What is expected.
In the entries below, find the lines with the word "Used" and copy them.

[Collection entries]
□ □ □

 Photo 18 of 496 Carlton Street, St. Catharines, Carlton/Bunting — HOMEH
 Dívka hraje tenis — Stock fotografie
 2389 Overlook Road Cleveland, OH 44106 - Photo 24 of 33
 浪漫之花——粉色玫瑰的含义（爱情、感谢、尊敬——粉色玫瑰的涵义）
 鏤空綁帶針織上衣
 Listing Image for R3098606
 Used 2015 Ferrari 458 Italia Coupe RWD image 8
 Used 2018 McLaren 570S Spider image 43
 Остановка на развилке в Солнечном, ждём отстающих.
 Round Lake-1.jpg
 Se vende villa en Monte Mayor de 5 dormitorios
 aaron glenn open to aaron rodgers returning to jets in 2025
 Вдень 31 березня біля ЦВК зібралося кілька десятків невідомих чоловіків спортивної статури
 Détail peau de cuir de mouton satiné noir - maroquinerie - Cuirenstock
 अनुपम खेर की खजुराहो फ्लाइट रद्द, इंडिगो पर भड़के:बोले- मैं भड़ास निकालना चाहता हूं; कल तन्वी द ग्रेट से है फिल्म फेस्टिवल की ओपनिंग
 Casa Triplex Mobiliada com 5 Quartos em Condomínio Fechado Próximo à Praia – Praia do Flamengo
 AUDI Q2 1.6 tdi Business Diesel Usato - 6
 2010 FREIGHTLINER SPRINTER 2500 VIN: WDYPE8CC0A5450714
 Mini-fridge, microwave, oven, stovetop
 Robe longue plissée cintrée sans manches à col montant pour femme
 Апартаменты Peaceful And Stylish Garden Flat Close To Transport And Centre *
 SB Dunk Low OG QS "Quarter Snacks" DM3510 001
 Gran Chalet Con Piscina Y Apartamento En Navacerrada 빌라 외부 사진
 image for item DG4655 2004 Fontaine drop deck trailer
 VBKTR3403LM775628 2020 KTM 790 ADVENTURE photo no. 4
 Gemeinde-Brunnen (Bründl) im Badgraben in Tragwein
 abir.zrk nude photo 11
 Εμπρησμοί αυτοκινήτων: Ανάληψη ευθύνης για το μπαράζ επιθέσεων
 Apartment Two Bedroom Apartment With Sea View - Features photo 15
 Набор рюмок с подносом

□ □ □

Reply.
 Used 2015 Ferrari 458 Italia Coupe RWD image 8
 Used 2018 McLaren 570S Spider image 43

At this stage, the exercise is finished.